The Future of HIV Research
HIV is a major global public health issue, and the research field is dynamic. Does that mean it is over subscribed and difficult for the early career researcher to penetrate? Goulder admits the area is deemed "sexy," and has attracted top scientific talent. However, this high level of competition is something Goulder views as a positive force. HIV researchers, Goulder feels, still profit career-wise from a relatively robust funding scene. Goulder also believes when it comes to publishing, breakthroughs in HIV often have a higher impact in comparison to equally novel science about a less infamous pathogen.
According to Goulder, having clinical training has been helpful when dealing with clinicians and in appreciating what clinical complications HIV-positive patients may have. But the clinician-scientist path is not the only one for scientists interested in HIV research. Academic researchers without clinical degrees--molecular biologists, bioinformatics specialists, etc.--also have very important roles to play.

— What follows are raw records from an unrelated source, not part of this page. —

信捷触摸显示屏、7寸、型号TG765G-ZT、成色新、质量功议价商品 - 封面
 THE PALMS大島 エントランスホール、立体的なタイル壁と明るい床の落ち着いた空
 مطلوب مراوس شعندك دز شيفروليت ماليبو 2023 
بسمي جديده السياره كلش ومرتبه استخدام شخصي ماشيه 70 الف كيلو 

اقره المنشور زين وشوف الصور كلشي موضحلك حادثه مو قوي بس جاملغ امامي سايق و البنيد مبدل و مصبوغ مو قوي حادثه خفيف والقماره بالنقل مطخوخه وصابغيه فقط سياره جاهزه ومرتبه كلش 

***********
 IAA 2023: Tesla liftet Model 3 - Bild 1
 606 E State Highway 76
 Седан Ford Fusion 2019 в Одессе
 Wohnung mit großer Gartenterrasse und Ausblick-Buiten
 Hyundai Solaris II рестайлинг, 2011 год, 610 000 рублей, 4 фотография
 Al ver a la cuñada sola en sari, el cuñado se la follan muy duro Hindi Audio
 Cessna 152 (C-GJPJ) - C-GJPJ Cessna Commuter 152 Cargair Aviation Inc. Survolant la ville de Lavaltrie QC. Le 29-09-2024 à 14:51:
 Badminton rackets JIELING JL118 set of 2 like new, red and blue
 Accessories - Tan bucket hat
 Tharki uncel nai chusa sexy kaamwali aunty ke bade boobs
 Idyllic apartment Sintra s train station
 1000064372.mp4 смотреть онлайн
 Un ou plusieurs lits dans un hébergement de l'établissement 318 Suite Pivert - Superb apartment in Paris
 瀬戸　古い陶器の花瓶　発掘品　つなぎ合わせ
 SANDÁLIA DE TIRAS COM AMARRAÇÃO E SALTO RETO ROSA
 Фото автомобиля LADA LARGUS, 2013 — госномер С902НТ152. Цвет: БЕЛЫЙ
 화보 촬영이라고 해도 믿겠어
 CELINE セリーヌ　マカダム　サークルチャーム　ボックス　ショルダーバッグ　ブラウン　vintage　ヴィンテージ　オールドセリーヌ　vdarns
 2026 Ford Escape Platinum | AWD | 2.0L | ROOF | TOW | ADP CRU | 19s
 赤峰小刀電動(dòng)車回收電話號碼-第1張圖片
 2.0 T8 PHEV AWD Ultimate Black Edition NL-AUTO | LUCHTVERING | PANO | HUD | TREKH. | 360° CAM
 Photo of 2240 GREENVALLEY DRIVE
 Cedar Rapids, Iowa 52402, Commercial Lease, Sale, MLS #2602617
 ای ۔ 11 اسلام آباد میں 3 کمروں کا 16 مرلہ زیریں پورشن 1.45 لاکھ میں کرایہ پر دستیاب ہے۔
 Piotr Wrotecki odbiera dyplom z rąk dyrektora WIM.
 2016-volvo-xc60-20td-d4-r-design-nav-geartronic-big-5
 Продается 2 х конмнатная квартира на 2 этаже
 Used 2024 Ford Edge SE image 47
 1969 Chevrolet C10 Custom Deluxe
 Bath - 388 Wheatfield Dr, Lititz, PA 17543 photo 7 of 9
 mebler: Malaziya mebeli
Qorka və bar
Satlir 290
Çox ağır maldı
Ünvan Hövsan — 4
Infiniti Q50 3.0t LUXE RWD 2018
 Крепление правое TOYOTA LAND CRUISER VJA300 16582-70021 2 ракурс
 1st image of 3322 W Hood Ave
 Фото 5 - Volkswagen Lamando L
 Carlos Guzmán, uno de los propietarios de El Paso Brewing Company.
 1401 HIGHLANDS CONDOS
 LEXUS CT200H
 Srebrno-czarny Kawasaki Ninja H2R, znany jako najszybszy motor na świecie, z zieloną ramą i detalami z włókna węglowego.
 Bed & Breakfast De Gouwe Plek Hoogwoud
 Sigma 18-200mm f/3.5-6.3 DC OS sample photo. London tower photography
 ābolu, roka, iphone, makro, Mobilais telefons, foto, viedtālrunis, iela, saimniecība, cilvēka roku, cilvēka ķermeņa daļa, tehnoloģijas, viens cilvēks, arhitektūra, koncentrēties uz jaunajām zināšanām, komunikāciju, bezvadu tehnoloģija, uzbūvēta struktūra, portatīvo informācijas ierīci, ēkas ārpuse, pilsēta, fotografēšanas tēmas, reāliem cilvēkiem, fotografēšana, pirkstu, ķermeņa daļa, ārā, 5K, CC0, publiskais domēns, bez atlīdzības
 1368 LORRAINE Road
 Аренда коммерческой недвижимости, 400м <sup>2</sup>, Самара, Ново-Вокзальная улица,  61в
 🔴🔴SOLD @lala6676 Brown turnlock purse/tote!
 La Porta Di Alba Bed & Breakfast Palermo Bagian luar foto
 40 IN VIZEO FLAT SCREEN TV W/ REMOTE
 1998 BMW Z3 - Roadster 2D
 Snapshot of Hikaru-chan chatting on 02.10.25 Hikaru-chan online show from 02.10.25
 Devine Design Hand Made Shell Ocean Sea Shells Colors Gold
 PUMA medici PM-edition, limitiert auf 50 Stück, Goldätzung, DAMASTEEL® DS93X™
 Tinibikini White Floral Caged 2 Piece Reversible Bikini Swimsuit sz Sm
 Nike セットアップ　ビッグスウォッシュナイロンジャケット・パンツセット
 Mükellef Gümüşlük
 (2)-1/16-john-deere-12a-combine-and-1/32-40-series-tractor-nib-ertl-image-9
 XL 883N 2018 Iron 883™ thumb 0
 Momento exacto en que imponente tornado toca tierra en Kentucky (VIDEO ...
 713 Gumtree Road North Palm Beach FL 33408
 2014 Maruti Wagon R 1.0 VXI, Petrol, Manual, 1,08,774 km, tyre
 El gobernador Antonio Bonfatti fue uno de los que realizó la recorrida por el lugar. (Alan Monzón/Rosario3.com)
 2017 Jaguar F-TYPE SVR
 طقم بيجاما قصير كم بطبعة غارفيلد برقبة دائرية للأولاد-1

Goulder plans are to stay in the field long term, and in global-collaborative projects. His work and the work of his research team, he feels, demonstrate the "short, medium, and long term value of pure research for patients." As for a future HIV vaccine, Goulder believes that "a consortium-driven vaccine effort" will indeed be successful. He sees this type of approach--"enabling scientists to work together for a common goal"--as the ultimate career drive, and one he can already recommend.